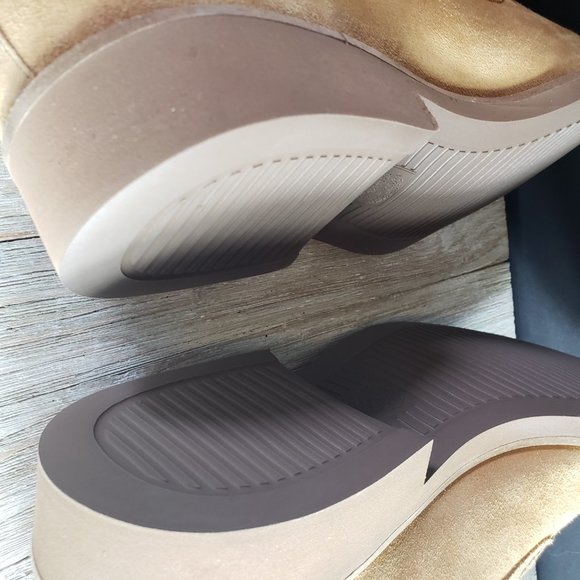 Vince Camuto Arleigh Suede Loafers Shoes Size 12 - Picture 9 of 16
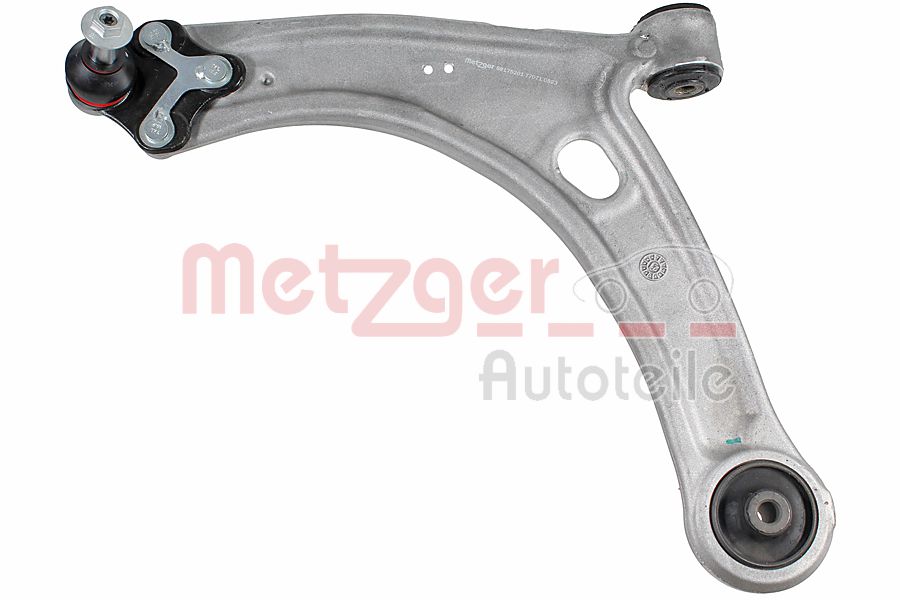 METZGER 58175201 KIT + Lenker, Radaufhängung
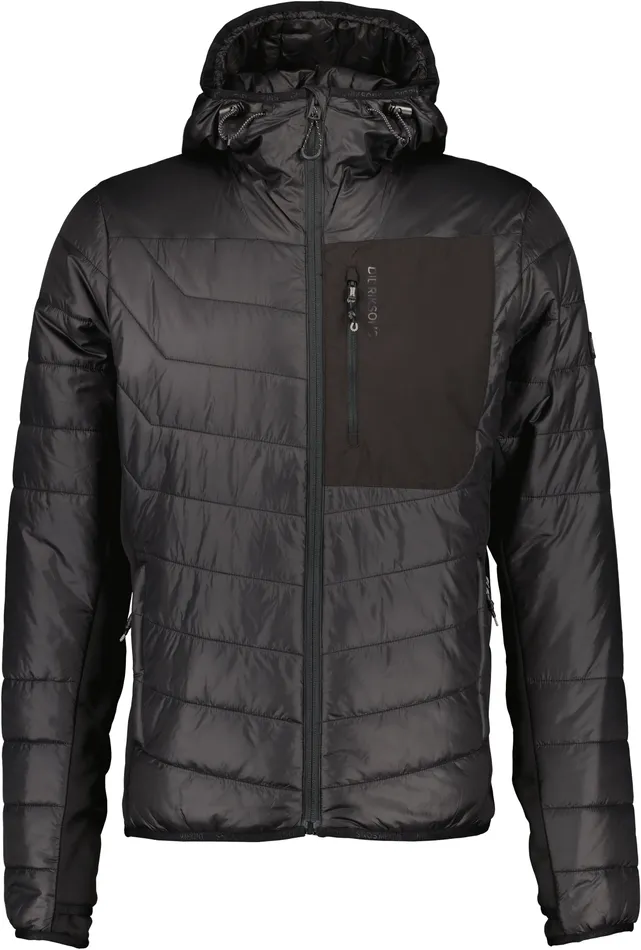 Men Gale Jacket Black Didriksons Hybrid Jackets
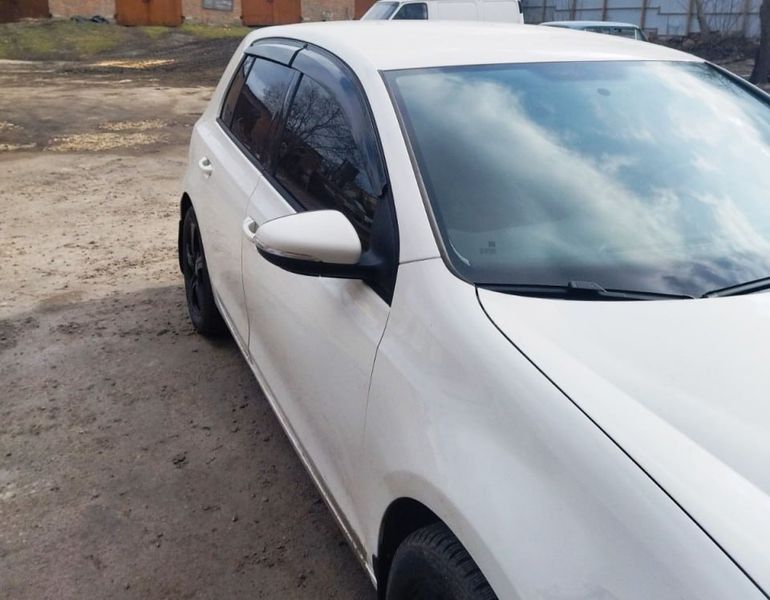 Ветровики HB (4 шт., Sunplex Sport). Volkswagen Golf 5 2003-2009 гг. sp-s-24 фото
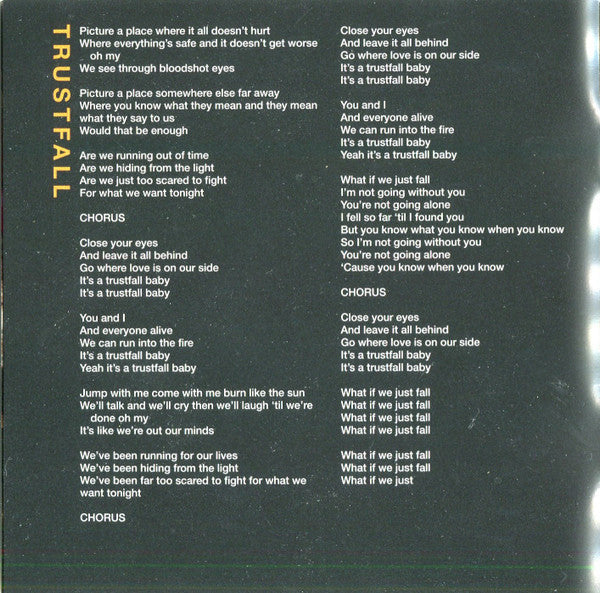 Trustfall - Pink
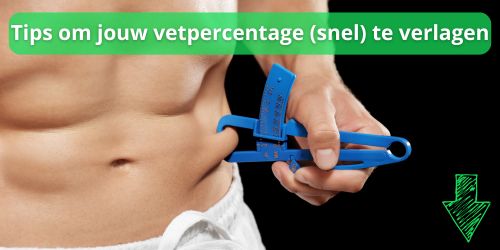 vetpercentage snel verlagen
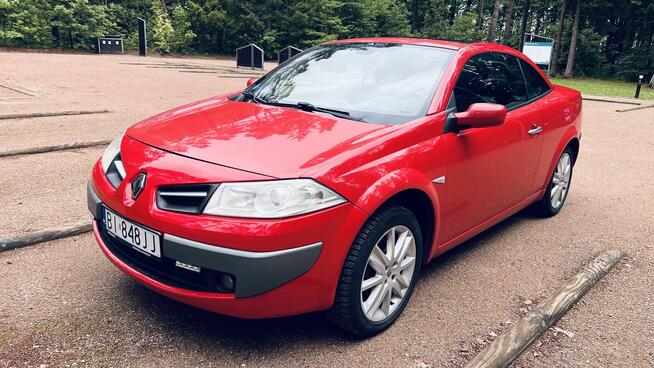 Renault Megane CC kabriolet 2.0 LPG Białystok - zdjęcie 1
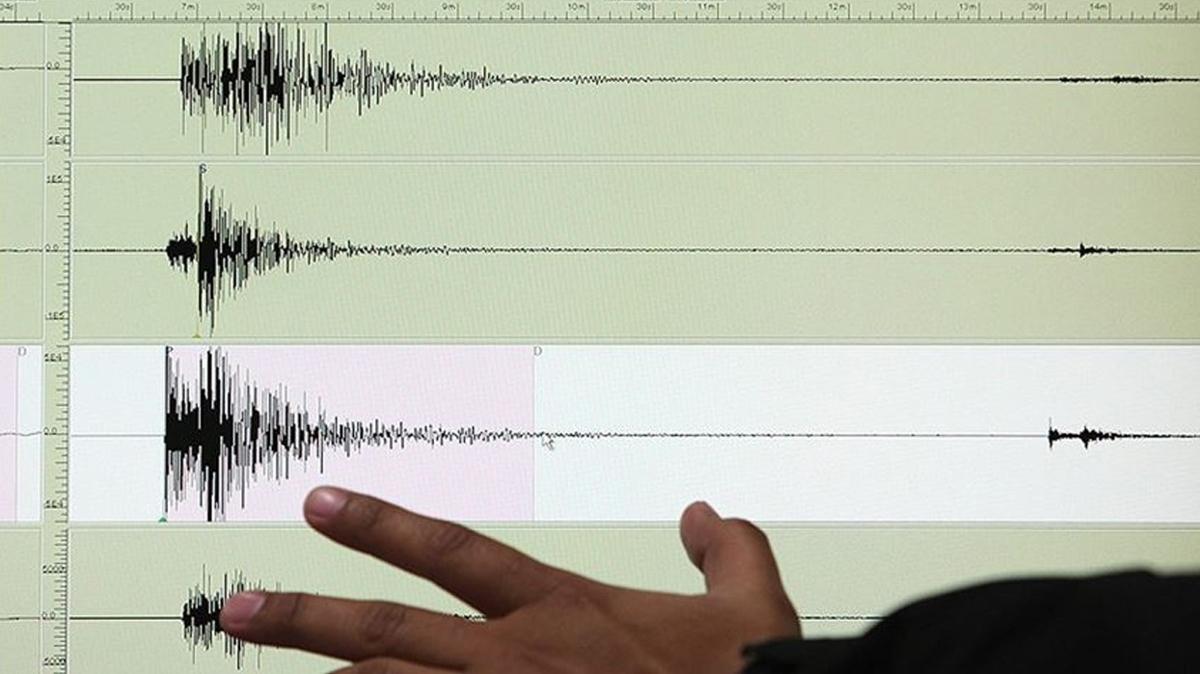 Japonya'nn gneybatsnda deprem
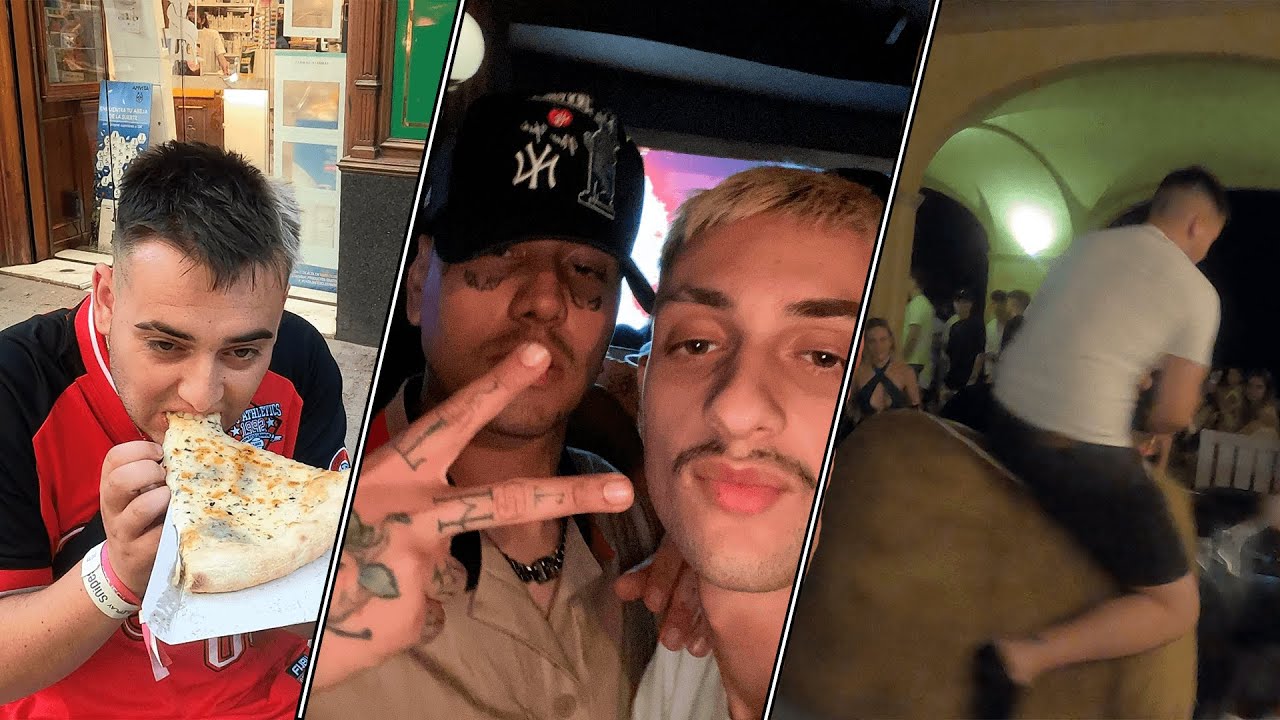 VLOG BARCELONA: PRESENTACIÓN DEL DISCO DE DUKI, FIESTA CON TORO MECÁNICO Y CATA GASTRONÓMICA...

-- What is expected --
Above are the records; repeat their lines from the first through the line containing "Trustfall - Pink", and leave out each picture.

-- Task solution --
 Vince Camuto Arleigh Suede Loafers Shoes Size 12 - Picture 9 of 16
 METZGER 58175201 KIT + Lenker, Radaufhängung
 Men Gale Jacket Black Didriksons Hybrid Jackets
 Ветровики HB (4 шт., Sunplex Sport). Volkswagen Golf 5 2003-2009 гг. sp-s-24 фото
 Trustfall - Pink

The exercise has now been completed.